YOUR INSTRUCTIONS -
Please quote only the lines that start at the one with "New Siemens 6AV2123-2GB03-0AX0" and go on to the last line of the data, both ends kept.

DATASET ENTRIES -
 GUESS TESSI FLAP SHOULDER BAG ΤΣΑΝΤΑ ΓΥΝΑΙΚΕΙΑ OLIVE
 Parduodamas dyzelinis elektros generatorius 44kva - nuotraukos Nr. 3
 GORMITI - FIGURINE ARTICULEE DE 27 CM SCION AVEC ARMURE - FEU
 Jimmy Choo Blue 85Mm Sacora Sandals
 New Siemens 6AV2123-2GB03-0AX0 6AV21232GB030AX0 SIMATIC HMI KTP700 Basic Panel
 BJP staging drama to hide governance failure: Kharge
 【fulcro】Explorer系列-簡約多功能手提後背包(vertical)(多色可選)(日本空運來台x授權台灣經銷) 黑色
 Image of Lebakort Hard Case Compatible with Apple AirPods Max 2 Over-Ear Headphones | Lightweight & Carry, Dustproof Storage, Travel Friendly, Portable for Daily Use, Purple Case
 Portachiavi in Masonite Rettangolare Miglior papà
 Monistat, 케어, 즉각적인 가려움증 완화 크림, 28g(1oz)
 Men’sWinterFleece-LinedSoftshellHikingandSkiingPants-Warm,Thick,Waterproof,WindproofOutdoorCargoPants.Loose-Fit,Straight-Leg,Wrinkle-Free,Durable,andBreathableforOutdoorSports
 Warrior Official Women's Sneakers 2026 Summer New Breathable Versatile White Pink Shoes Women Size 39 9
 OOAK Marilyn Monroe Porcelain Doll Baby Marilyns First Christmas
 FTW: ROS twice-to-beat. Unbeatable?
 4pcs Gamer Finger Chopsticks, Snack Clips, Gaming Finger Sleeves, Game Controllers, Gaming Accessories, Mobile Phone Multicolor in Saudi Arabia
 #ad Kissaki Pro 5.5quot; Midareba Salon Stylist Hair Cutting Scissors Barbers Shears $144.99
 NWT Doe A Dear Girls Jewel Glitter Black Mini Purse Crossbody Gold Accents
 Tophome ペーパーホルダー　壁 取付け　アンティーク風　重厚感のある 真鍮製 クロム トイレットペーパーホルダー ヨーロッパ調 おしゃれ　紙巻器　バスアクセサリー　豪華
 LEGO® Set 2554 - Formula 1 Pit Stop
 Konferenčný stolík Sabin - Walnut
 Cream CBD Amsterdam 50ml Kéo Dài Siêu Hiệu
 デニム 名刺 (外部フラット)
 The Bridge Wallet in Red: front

FINISHED EXERCISE -
 New Siemens 6AV2123-2GB03-0AX0 6AV21232GB030AX0 SIMATIC HMI KTP700 Basic Panel
 BJP staging drama to hide governance failure: Kharge
 【fulcro】Explorer系列-簡約多功能手提後背包(vertical)(多色可選)(日本空運來台x授權台灣經銷) 黑色
 Image of Lebakort Hard Case Compatible with Apple AirPods Max 2 Over-Ear Headphones | Lightweight & Carry, Dustproof Storage, Travel Friendly, Portable for Daily Use, Purple Case
 Portachiavi in Masonite Rettangolare Miglior papà
 Monistat, 케어, 즉각적인 가려움증 완화 크림, 28g(1oz)
 Men’sWinterFleece-LinedSoftshellHikingandSkiingPants-Warm,Thick,Waterproof,WindproofOutdoorCargoPants.Loose-Fit,Straight-Leg,Wrinkle-Free,Durable,andBreathableforOutdoorSports
 Warrior Official Women's Sneakers 2026 Summer New Breathable Versatile White Pink Shoes Women Size 39 9
 OOAK Marilyn Monroe Porcelain Doll Baby Marilyns First Christmas
 FTW: ROS twice-to-beat. Unbeatable?
 4pcs Gamer Finger Chopsticks, Snack Clips, Gaming Finger Sleeves, Game Controllers, Gaming Accessories, Mobile Phone Multicolor in Saudi Arabia
 #ad Kissaki Pro 5.5quot; Midareba Salon Stylist Hair Cutting Scissors Barbers Shears $144.99
 NWT Doe A Dear Girls Jewel Glitter Black Mini Purse Crossbody Gold Accents
 Tophome ペーパーホルダー　壁 取付け　アンティーク風　重厚感のある 真鍮製 クロム トイレットペーパーホルダー ヨーロッパ調 おしゃれ　紙巻器　バスアクセサリー　豪華
 LEGO® Set 2554 - Formula 1 Pit Stop
 Konferenčný stolík Sabin - Walnut
 Cream CBD Amsterdam 50ml Kéo Dài Siêu Hiệu
 デニム 名刺 (外部フラット)
 The Bridge Wallet in Red: front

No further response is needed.